**WORK ORDER**
When you repeat the material, keep each line exact and omit the pictures.

**DATA SUPPLIED**
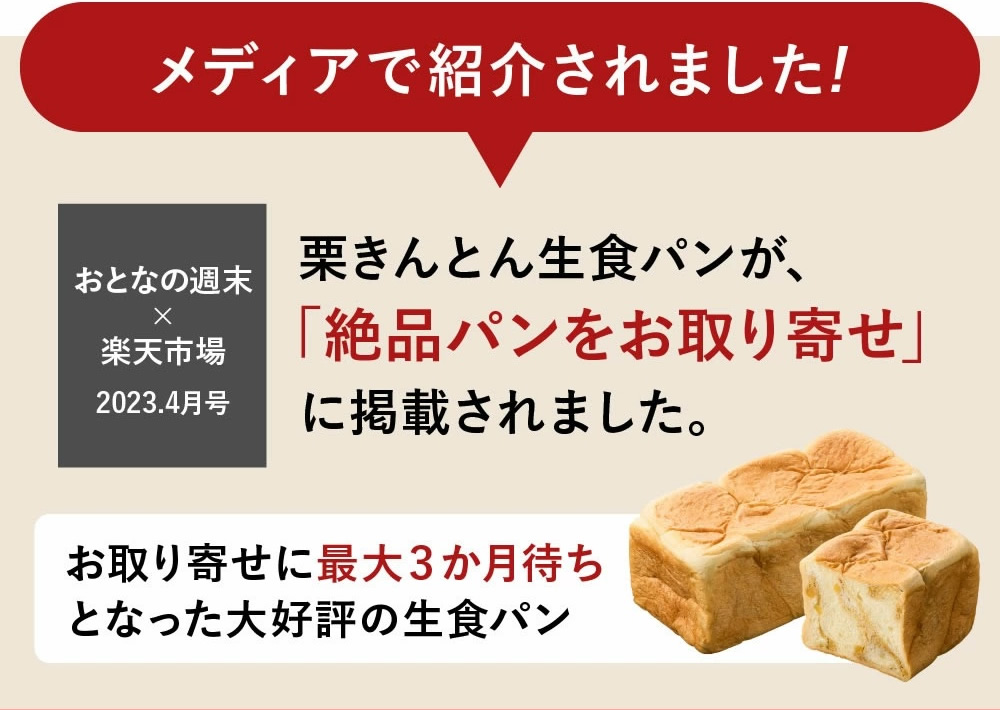 栗生食パン　メディアで紹介されました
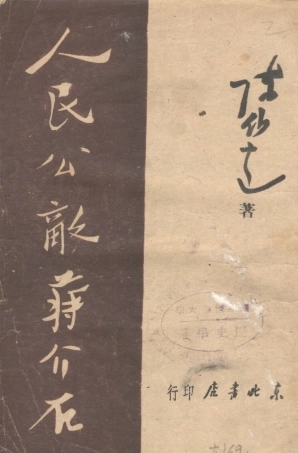 109141-人民公敵蔣介石_陳伯達著東北書店瀋陽 .pdf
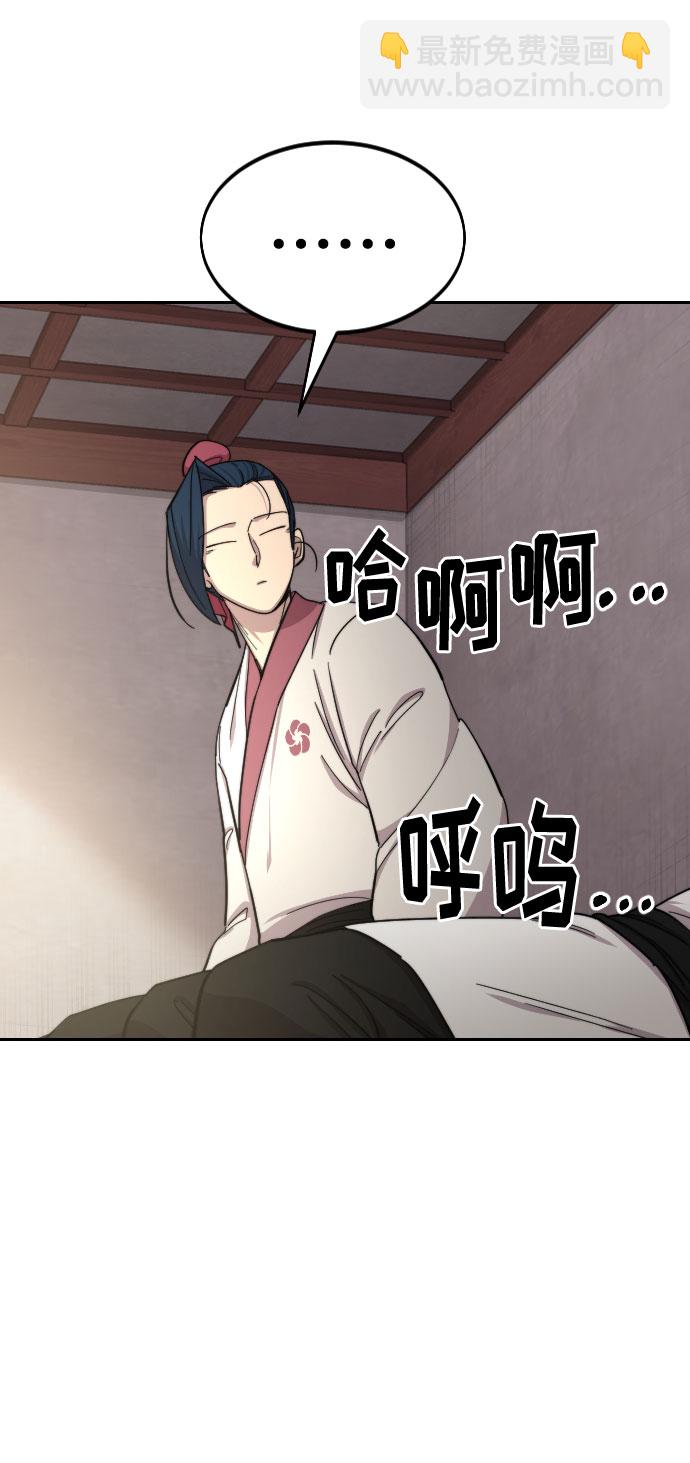 第44话100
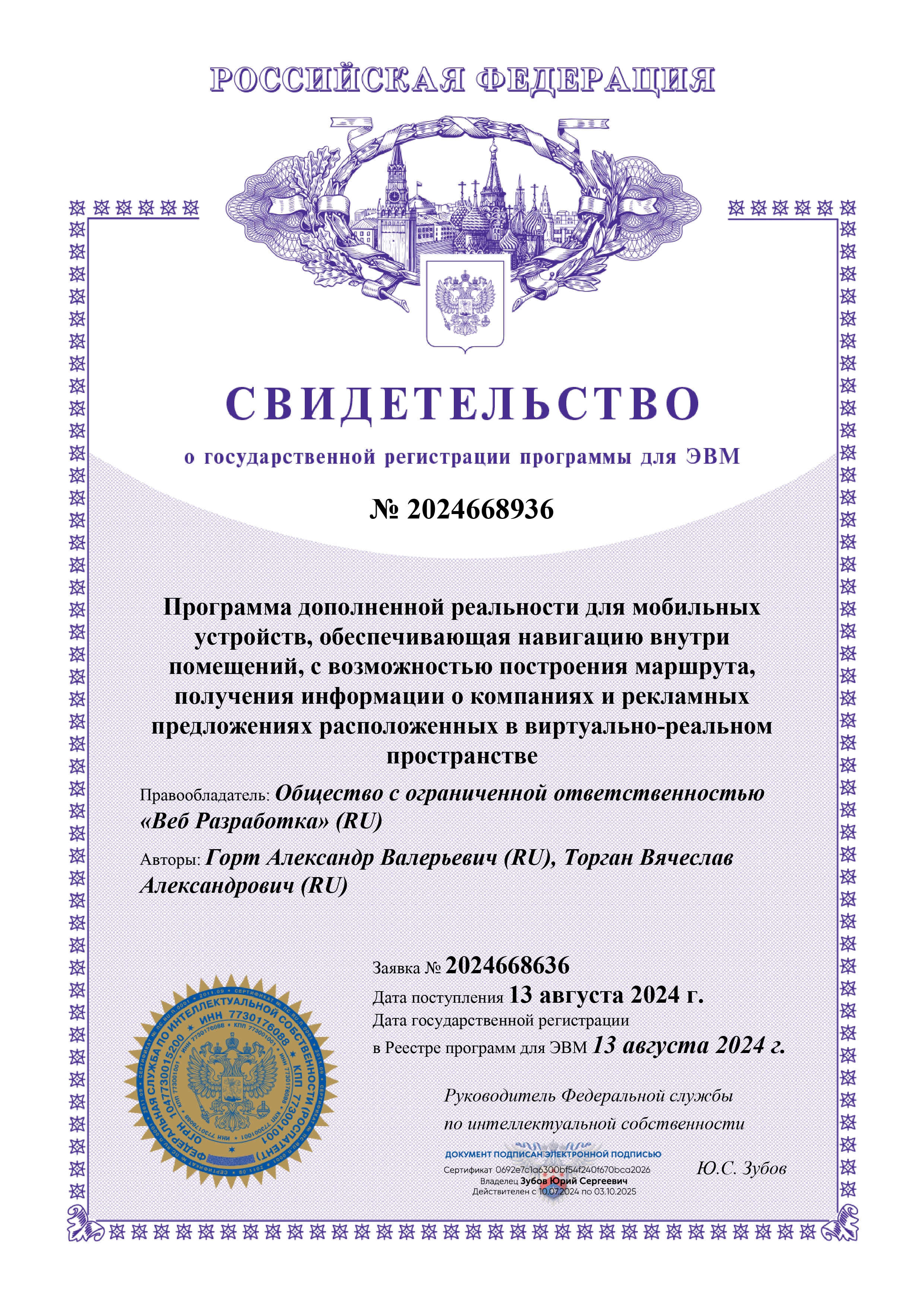 Система навигации в помещениях с использованием дополненной реальности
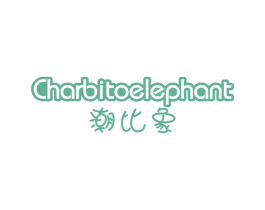 潮比象 CHARBITOELEPHANT 第25类服装鞋帽商标图样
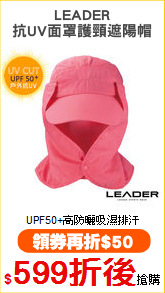 LEADER
抗UV面罩護頸遮陽帽
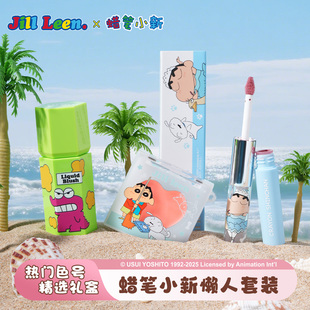 JILLLEEN蜡笔小新礼盒镜套装唇釉腮红学生懒人情侣送礼彩妆套装女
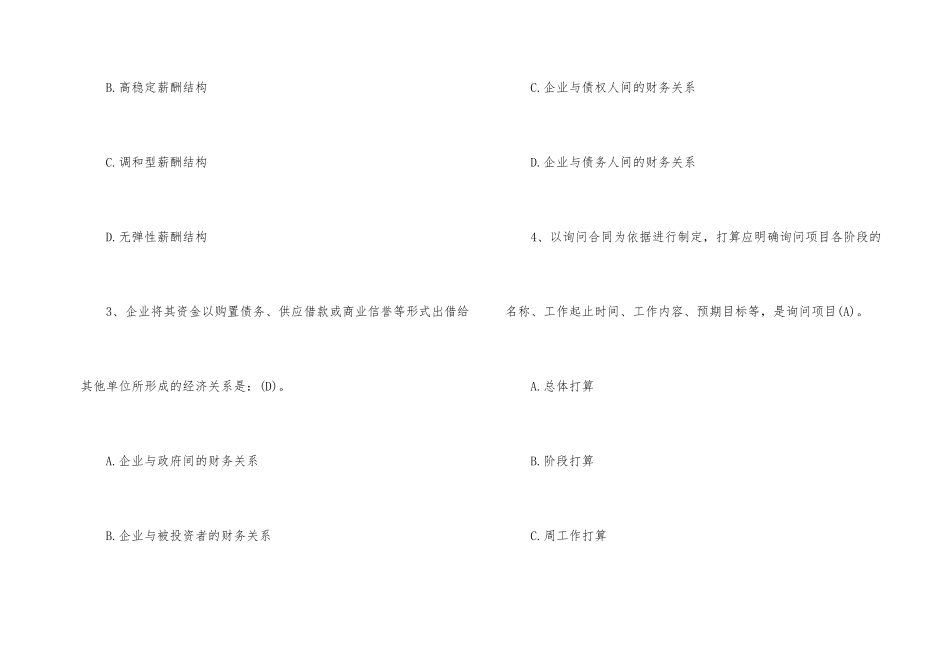 2025管理咨询师《咨询实务》巩固试题及答案_第2页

**TASK RESULT**
 栗生食パン　メディアで紹介されました
 109141-人民公敵蔣介石_陳伯達著東北書店瀋陽 .pdf
 第44话100
 Система навигации в помещениях с использованием дополненной реальности
 潮比象 CHARBITOELEPHANT 第25类服装鞋帽商标图样
 LEADER
抗UV面罩護頸遮陽帽
 JILLLEEN蜡笔小新礼盒镜套装唇釉腮红学生懒人情侣送礼彩妆套装女
 2025管理咨询师《咨询实务》巩固试题及答案_第2页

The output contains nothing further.